** What the exercise asks **
Reproduce from the records below, with no pictures, exactly the lines between the one containing "Maxbell Abstract Human" and the one containing "Sweep Train Sleeveless", inclusive.

** Dataset records **
──────

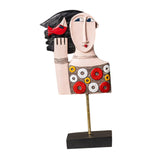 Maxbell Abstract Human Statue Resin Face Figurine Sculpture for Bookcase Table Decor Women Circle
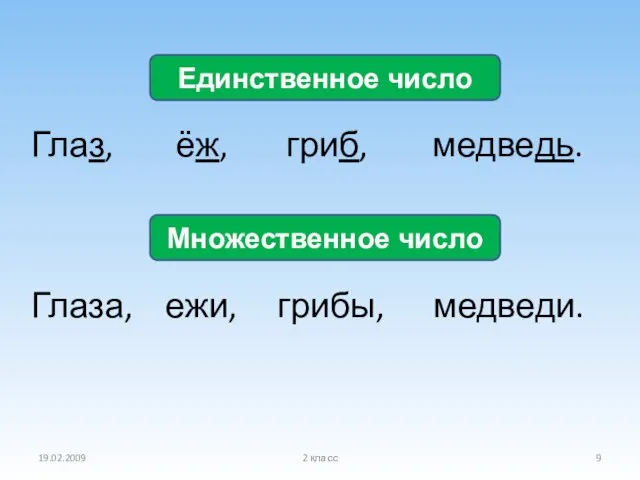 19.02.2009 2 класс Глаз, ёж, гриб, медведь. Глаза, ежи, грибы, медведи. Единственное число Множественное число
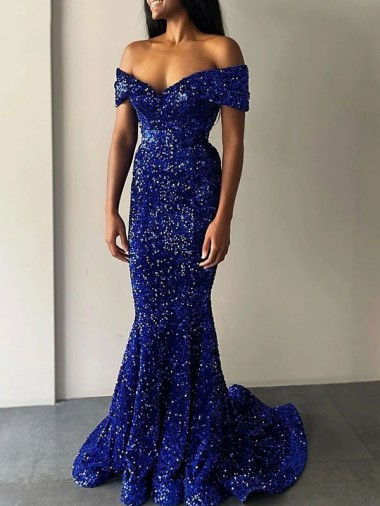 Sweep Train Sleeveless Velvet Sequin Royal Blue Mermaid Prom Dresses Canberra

──────

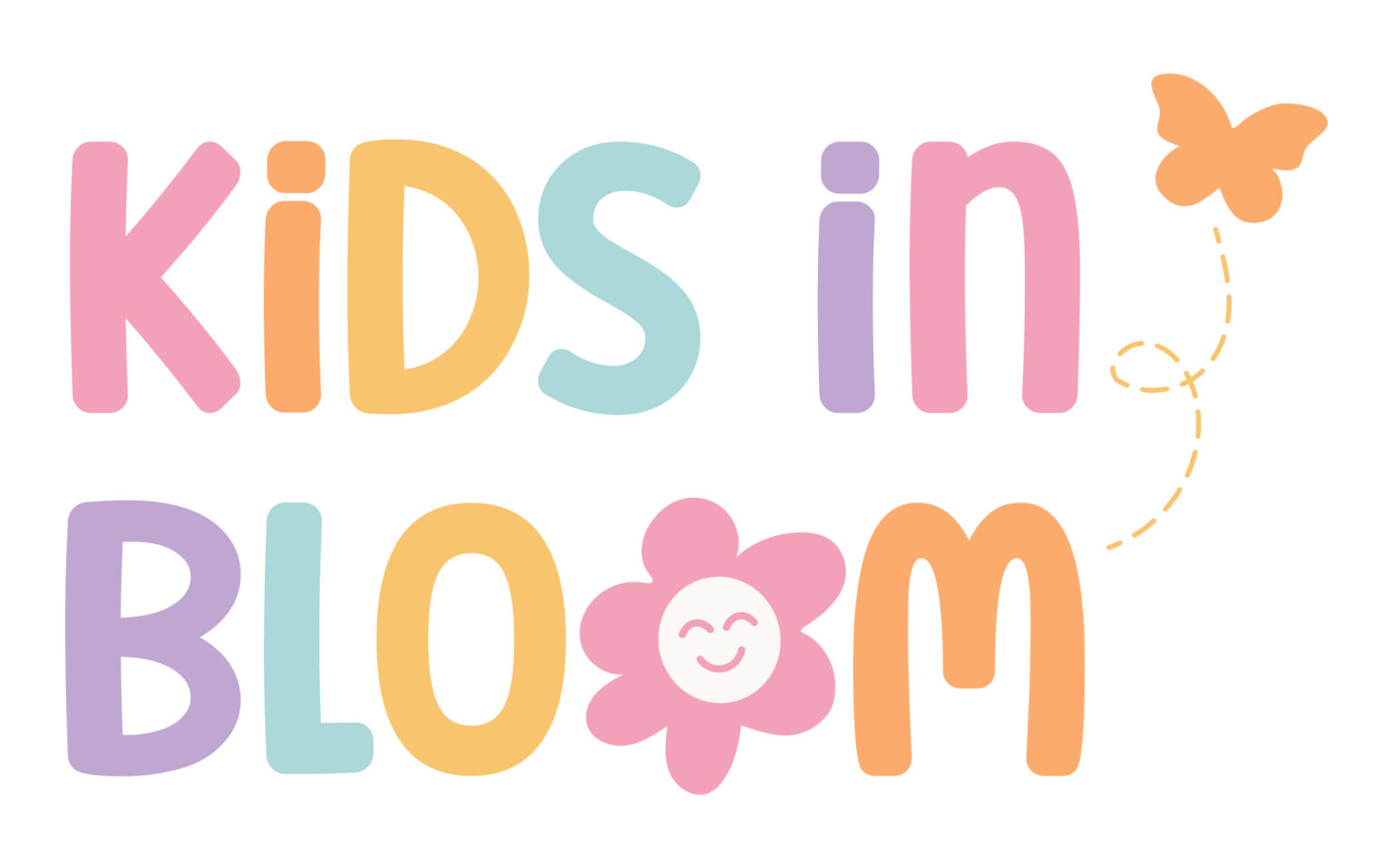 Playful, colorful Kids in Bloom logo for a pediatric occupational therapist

──────

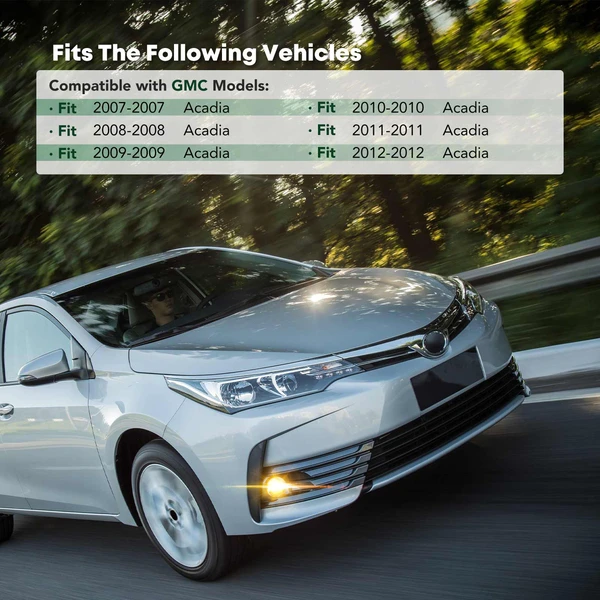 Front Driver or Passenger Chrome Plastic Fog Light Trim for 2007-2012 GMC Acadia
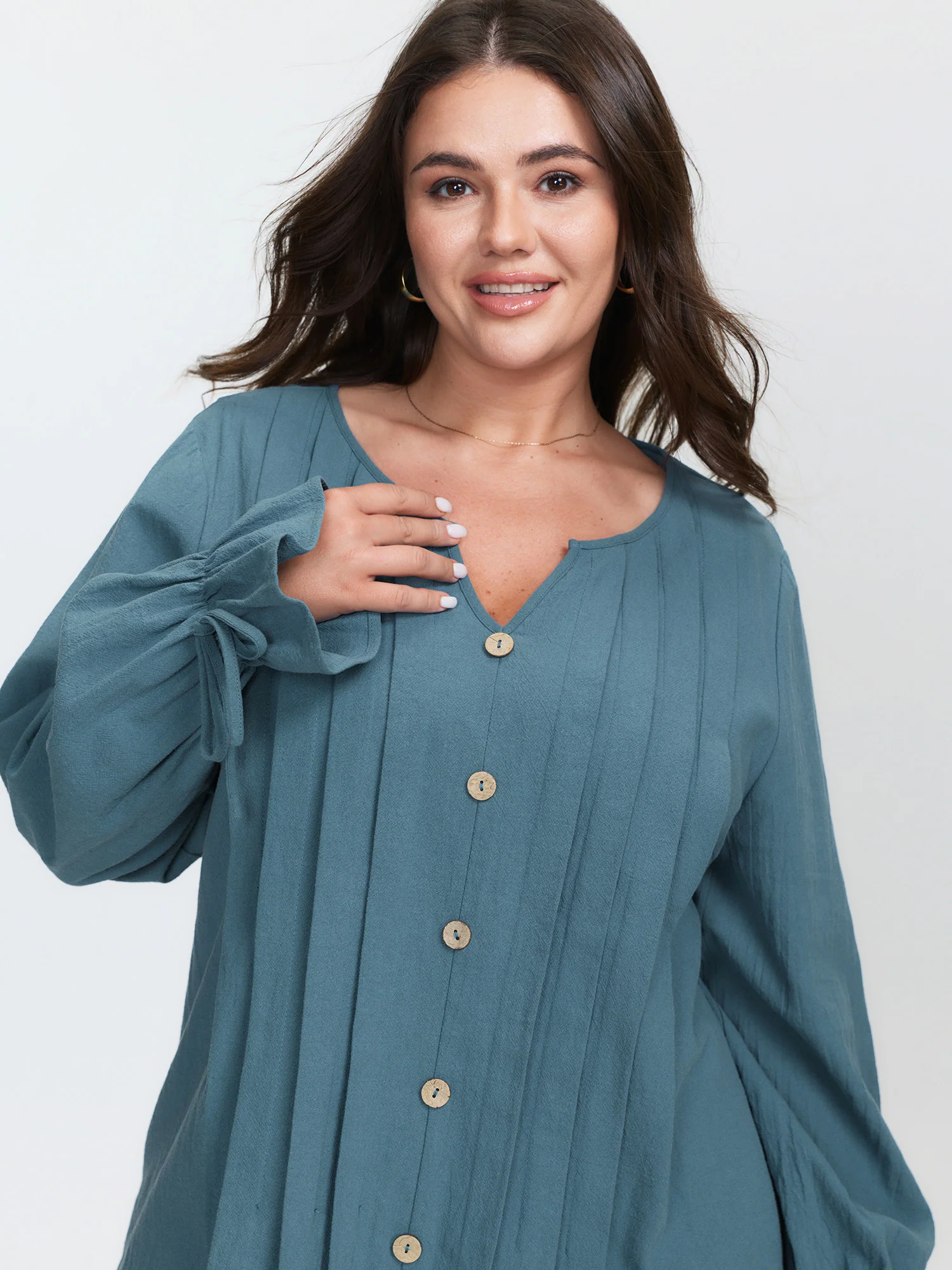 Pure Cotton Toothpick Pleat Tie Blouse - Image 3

──────

** Output for this exercise **
 Maxbell Abstract Human Statue Resin Face Figurine Sculpture for Bookcase Table Decor Women Circle
 19.02.2009 2 класс Глаз, ёж, гриб, медведь. Глаза, ежи, грибы, медведи. Единственное число Множественное число
 Sweep Train Sleeveless Velvet Sequin Royal Blue Mermaid Prom Dresses Canberra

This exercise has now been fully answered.